#### Module 4 - Project

### CRISP-DM Framework

   * Business Problem:   Reduce Motor Vehicle Deaths in the US using Socio Economic Data
   * Data Understanding: What the data set is
   * Data Preparation:   All Data Cleaning, inc treatment of missing Data, NaNs, zeros, transforms
   * Modelling:          The Modelling Workflow, models used and feature transforms / engineering
   * Evaulation:         Evaluation of the Final Model vs Baseline Model
   * Deployment:         Results generated by the model

#### CRISP-DM Framework: Business Problem: 
Identify Factors that could help Reduce Motor Vehicle Deaths in the US using Socio Economic Data

#### CRISP-DM Framework: Data Understanding
What the data set is:

The dataset is A collaboration between the Robert Wood Johnson Foundation and the University of Wisconsin Population Health Institute using the 2019 County Health Ratings, which includes the following Socio Economic Data and Indicators:

    Child mortality
    Children eligible for free or reduced price lunch
    Demographics
    Diabetes prevalence
    Disconnected youth
    Drug overdose deaths
    Firearm fatalities
    Food insecurity
    Frequent mental distress
    Frequent physical distress
    HIV prevalence
    Homeownership
    Homicides
    Infant mortality
    Insufficient sleep
    Life expectancy
    Limited access to healthy foods
    Median household income
    Motor vehicle crash deaths
    Other primary care providers
    Premature age-adjusted mortality
    Residential segregation
    Severe housing cost burden
    Uninsured adults
    Uninsured children

#### Importing the required Libraries for the Workflow 

In [1]:
import matplotlib
import numpy as np
import pandas as pd
import seaborn as sns
import plotly.express as px
import Petna as pt
matplotlib.rcParams['figure.figsize'] = (50,50)
pd.set_option('display.max_columns', None)
pd.set_option('display.width', 2000)
pd.set_option('display.max_rows', 2000)
%reload_ext autoreload
%autoreload 2

##### Import Raw Data from Excel File

In [2]:
xls = pd.ExcelFile('2019 County Health Rankings Data - v2.xls')
sheets = xls.sheet_names
sheets

['Introduction',
 'Outcomes & Factors Rankings',
 'Outcomes & Factors SubRankings',
 'Ranked Measure Data',
 'Ranked Measure Sources & Years',
 'Additional Measure Data',
 'Addtl Measure Sources & Years']

In [3]:
# pt.missingvalues(sheets[5],xls)

#### CRISP-DM Framework: Data Understanding¶
All merging, cleaning, transformations involved in the preprocessing stage

In [4]:
rmd = xls.parse(sheets[3],header=1)
amd = xls.parse(sheets[5],header=1)
amd = amd.drop(columns=['State','County'])

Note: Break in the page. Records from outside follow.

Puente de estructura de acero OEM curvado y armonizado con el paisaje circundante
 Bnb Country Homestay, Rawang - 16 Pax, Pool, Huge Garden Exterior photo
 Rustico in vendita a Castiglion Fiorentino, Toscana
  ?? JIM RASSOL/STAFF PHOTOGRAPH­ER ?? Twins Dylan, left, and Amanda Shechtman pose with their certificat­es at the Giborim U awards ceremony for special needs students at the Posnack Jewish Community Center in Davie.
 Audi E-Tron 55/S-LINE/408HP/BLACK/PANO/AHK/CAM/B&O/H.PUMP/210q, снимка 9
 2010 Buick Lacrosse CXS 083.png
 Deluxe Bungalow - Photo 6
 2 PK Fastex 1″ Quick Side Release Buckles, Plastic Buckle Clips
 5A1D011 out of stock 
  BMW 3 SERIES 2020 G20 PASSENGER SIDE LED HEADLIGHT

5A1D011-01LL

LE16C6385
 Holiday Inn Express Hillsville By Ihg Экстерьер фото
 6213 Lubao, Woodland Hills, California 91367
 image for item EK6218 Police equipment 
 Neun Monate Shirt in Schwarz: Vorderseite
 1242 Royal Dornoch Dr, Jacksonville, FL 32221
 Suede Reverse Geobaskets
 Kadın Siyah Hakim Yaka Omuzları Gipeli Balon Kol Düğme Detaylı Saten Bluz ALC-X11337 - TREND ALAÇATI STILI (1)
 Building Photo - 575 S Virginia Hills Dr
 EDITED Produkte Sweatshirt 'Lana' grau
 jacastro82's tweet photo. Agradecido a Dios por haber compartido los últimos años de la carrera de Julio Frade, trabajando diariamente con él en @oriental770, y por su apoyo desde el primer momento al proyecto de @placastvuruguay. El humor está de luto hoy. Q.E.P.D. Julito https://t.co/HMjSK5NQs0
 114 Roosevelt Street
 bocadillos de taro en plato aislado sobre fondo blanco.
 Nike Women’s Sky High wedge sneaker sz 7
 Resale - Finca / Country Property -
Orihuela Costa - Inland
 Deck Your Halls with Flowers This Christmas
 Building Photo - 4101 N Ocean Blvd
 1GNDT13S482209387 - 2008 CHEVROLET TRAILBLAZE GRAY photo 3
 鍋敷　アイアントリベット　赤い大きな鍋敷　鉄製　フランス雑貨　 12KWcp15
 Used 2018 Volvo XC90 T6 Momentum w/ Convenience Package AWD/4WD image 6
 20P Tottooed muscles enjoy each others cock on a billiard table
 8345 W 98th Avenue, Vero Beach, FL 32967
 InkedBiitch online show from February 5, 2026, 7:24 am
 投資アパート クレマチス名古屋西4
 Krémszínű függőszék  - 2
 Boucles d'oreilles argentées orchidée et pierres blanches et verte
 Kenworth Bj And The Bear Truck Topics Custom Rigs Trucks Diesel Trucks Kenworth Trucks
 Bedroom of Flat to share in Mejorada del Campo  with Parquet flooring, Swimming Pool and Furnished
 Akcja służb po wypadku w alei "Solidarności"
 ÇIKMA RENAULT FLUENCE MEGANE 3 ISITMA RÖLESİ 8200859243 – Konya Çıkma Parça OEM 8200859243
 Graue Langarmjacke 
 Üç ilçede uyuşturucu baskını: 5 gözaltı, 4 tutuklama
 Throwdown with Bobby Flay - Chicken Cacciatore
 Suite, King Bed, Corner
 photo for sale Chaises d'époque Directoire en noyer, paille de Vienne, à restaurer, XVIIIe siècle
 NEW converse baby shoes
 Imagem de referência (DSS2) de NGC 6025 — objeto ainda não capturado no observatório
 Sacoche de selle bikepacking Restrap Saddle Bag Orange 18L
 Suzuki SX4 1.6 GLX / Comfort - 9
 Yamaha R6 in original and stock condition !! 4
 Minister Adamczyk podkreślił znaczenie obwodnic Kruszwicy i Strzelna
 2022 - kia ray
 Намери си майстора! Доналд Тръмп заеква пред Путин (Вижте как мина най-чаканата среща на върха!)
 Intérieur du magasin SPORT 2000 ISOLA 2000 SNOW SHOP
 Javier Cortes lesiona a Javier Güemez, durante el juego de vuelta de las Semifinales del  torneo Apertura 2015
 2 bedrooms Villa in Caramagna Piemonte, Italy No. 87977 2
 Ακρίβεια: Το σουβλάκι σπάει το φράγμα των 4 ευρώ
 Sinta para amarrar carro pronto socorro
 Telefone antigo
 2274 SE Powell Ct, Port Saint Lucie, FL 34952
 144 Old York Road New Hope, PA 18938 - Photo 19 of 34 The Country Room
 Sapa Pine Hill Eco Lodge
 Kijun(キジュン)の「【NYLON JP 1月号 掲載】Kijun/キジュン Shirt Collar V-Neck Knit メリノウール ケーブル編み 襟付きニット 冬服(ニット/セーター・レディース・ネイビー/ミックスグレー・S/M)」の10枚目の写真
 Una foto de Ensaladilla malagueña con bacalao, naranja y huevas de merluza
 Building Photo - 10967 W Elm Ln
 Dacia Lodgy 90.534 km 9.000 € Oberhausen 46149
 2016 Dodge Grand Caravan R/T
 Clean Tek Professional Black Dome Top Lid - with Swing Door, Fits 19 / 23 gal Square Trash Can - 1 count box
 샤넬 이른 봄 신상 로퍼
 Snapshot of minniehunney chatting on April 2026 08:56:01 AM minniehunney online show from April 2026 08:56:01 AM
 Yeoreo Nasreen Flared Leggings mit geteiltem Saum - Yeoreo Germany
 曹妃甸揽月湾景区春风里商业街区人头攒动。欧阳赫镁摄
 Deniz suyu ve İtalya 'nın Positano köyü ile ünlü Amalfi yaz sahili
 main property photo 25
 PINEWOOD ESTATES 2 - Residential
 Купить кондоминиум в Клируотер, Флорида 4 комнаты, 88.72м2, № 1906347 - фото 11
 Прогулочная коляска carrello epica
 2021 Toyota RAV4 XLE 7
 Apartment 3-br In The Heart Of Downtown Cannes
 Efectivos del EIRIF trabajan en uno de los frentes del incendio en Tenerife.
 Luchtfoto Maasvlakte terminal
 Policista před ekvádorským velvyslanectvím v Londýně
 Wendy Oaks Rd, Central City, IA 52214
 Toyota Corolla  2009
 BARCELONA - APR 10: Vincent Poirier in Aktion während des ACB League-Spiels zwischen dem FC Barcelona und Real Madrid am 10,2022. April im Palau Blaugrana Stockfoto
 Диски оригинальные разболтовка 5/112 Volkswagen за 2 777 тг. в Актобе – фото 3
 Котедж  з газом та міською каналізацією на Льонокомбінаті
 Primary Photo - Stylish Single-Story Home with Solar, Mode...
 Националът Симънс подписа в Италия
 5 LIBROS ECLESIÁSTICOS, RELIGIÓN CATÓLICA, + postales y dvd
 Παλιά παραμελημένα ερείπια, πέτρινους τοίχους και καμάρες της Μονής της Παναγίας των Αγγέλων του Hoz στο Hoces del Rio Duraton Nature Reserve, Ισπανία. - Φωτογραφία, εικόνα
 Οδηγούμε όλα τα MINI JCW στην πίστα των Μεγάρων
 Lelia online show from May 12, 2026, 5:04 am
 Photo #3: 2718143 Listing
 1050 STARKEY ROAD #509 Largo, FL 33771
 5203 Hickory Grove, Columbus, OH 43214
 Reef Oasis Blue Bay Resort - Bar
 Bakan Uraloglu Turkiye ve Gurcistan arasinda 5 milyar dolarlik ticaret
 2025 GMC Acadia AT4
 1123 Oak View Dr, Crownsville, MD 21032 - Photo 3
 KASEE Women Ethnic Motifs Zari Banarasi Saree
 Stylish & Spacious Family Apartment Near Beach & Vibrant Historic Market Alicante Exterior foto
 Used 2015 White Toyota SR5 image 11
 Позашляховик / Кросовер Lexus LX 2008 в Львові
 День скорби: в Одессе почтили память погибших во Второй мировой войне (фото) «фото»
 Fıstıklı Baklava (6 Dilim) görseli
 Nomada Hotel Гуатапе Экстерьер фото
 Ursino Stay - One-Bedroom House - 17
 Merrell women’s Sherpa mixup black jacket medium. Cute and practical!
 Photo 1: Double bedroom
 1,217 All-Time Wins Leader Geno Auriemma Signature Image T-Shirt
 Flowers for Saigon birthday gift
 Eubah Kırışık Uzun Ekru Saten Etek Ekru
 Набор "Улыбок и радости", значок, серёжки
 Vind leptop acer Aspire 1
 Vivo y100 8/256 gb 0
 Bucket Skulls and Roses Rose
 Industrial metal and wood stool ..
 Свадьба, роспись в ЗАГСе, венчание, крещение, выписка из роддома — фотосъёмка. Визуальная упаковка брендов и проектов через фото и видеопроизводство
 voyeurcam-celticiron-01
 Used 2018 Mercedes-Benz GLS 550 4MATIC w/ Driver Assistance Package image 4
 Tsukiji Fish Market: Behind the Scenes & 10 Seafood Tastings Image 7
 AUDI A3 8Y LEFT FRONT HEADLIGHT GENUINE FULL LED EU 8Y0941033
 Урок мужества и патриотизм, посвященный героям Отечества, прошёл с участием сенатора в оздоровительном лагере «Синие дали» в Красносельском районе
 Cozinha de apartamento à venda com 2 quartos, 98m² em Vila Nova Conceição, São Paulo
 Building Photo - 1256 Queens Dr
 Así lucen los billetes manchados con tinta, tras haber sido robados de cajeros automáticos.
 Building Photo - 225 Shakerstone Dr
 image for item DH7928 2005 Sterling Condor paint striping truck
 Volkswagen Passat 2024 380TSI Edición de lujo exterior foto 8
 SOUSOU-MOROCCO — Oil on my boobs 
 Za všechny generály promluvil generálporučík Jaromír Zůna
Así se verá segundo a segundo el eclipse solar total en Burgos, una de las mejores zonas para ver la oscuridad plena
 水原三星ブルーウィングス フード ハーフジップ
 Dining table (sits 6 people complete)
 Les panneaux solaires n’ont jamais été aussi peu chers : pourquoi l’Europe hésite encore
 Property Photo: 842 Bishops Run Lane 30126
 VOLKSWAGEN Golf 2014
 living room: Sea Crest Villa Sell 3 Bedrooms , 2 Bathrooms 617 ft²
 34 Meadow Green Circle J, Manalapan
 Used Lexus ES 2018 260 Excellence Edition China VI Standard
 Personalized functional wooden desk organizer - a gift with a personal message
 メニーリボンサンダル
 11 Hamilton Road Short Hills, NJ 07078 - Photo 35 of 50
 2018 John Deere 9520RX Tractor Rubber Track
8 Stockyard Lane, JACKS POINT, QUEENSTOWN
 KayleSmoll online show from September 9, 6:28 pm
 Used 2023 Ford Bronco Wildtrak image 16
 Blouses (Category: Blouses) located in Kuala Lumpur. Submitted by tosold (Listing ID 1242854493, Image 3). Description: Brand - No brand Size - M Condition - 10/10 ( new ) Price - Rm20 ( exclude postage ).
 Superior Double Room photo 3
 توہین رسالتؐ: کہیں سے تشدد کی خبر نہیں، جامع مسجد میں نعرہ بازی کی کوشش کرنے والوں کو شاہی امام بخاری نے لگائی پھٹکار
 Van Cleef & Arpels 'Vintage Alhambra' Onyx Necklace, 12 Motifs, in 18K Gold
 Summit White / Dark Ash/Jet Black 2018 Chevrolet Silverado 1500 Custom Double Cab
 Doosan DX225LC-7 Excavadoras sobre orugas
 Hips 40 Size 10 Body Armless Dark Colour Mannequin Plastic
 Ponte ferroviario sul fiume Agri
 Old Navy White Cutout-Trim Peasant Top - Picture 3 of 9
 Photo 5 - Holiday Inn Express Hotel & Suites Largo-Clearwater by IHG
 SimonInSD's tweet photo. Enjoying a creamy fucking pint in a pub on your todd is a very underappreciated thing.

#### Creating the master dataFrame

In [5]:
df = rmd.merge(amd, on='FIPS')
# Focusing on percentage and rates as opposed to absolute values
for kw in ['95%','Quartile','#','Unreliable']:
    df = df.drop(columns=[x for x in df.columns if kw in x])
df = df.set_index('FIPS')

In [6]:
# Columns title formatting
subs = [(' ', '_'),('.',''),("'",""),('™', ''), ('®',''),
        ('+','plus'), ('½','half'), ('-','_'), ('<','under'), ('%','percent'), ('/', '_or_') 
       ]
def col_formatting(col):
    for old, new in subs:
        col = col.replace(old,new)
    return col

df.columns = [col_formatting(col) for col in df.columns]

## Replacing NaN values by state average

#### Dependent / Target Variable

##### MV_Mortality_Rate

Motor Vehicle related Deaths rate per 100,000 is our dependent / target variable.
The rate is calculated as Number of Motor Deaths / Population. In the survey number of motor vehicle deaths reported is over a seven year period 2011 - 2017. To convert this to an annual equivalent we have divided by 7.
For missing numbers we have applied the state average rate. Interestingly no single figure MV deaths were reported across the dataset.

In [7]:
df['MV_Mortality_Rate'] = df['MV_Mortality_Rate']/7
df['MV_Mortality_Rate'] = df['MV_Mortality_Rate'].fillna(df.groupby(by='State')['MV_Mortality_Rate'].transform('mean'))

#### Independent Variables

Household_Income, %_Alcohol_Impaired_Car_Crashed, %_Rural, %_Uninsured and YPPL NaN values have been replaced by the state mean. Average_Daily_PM25 Nan are replaced by 0 as only the whole of Alska and Hawai have Nan.

In [8]:
df['Average_Daily_PM25'] = df['Average_Daily_PM25'].fillna(0)
df['Household_Income'] = df['Household_Income'].fillna(df.groupby(by='State')['Household_Income'].transform('mean'))
df['percent_Alcohol_Impaired'] = df['percent_Alcohol_Impaired'].fillna(df.groupby(by='State')['percent_Alcohol_Impaired'].transform('mean'))
df['percent_Rural'] = df['percent_Rural'].fillna(df.groupby(by='State')['percent_Rural'].transform('mean'))
df['percent_Uninsured_x'] = df['percent_Uninsured_x'].fillna(df.groupby(by='State')['percent_Uninsured_x'].transform('mean'))
df['Years_of_Potential_Life_Lost_Rate'] = df['Years_of_Potential_Life_Lost_Rate'].fillna(df.groupby(by='State')['Years_of_Potential_Life_Lost_Rate'].transform('mean'))

In [9]:
df.to_csv('df.csv')